Joseph Anthony Pereira, AKA Joe Perry, is one of the world’s most talented guitarists, and across his career, he has reaffirmed his position as one of the very best to have picked up the six-string. The lead axeman in rock legends Aerosmith, together with frontman Steven Tyler, the duo would become known as ‘The Toxic Twins’, an American answer to The Rolling Stones’ hell-raising partnership, Mick Jagger and Keith Richards.
Of his influences, Perry once recalled: “This band called The Yardbirds had a sound like I had never heard before, they had guitars that sound like nothing I’d ever heard before. The Stones were pushing the edge with distorted guitars. That was a big influence on me.”
However, his music has much more bite than The Stones or The Yardbirds could ever have dreamed of creating, and alongside guitarists such as Jimmy Page, Tony Iommi, and Ritchie Blackmore, Perry’s contributions to rock were significant in helping to develop the formula and make it more potent than what came before.
A versatile master of the six-string, Perry’s style sits somewhere between that of Jimi Hendrix and Slash, and is every bit as impressive as both. In fact, one would argue that Perry is actually relatively overlooked when it comes to discussions of the greatest guitar players, which is astounding. He’s more dextrous than the likes of Eric Clapton and has a style that is much more unique than simply borrowing heavily from the Delta blues of the 1930s.
At his best, Perry is a buccaneer of the fretboard, exuding the confidence that courses through all of Aerosmith’s best cuts. Able to blend disparate genres such as psychedelia and metal all within the space of mere seconds, cuts ranging from ‘Love in an Elevator’ to ‘Sweet Emotion’, are just two moments that display the large creative arsenal he has at his disposal.
Enjoying two stints in Aerosmith, from 1970 to 1979 and 1982 until the present, Perry featured on all of what is considered their classic albums. Consequently, in an interview with Uncut in 2007, whilst discussing the band’s discography alongside Steven Tyler, Perry revealed which title is his least favourite, and unsurprisingly, it’s one of the band’s weakest releases.
Perry chose 1985’s Done with Mirrors, which features tracks such as ‘Let The Music Do The Talking’, ‘My Fist Your Face’, and ‘Shela’. The album is notorious because the band regards it as incomplete.

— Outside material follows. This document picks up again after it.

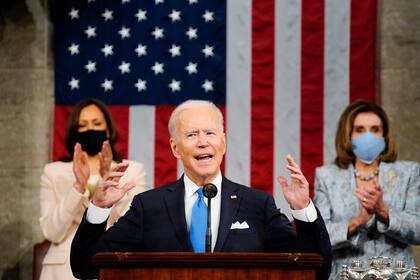 El presidente Joe Biden habla frente a una sesión conjunta del Congreso la noche ayer, en el Capitolio de Estados Unidos, en Washington. Atrás aparecen aplaudiendo la vicepresidenta Kamala Harris (izquierda) y la presidenta de la Cámara de Representantes Nancy Pelosi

When appearing on VH1’S That Metal Show, drummer Joey Kramer admitted that he also dislikes the record, stating that Aerosmith “never really finished it”.
Perry explained: “For me, the worst ever was Done with Mirrors. At that time, we were trying to make an album that was a bit like the old Aerosmith and a bit like where we wanted to be heading. Those songs weren’t completely lacking in inspiration. But little of it added up. That has to be our weakest record.”

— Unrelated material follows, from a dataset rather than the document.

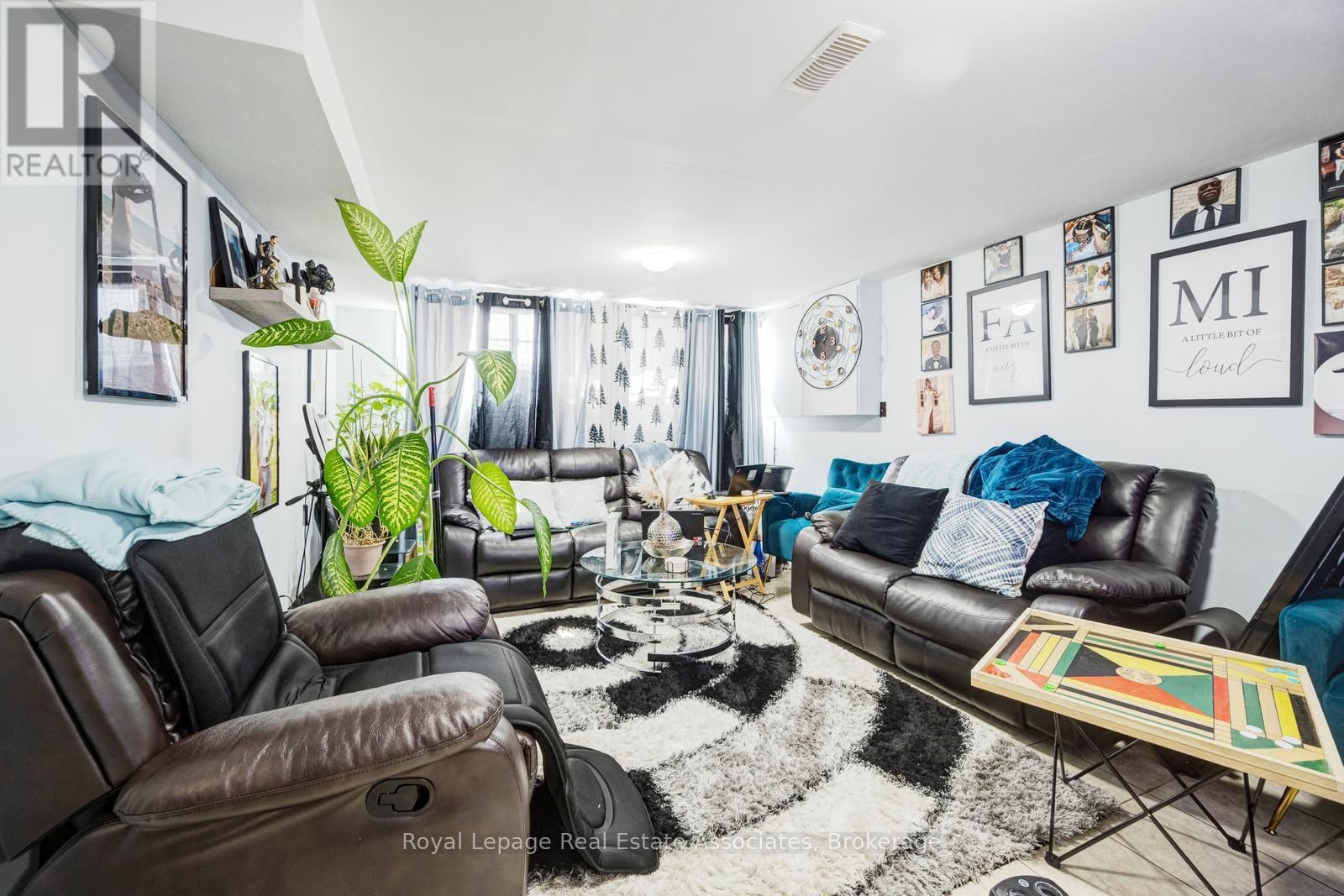 8 CAULFIELD ROAD Image 22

The guitarist then divulged that his favourite is 1993’s Get a Grip, the home of the hits ‘Crazy’ and ‘Livin’ on the Edge’: “Our strongest has to be Get a Grip. It feels like a point of culmination that record, where we realized our potential and brought it right up front. I’m not surprised that songs like ‘Eat the Rich’ and ‘Livin’ on the Edge’ have survived the test of time”.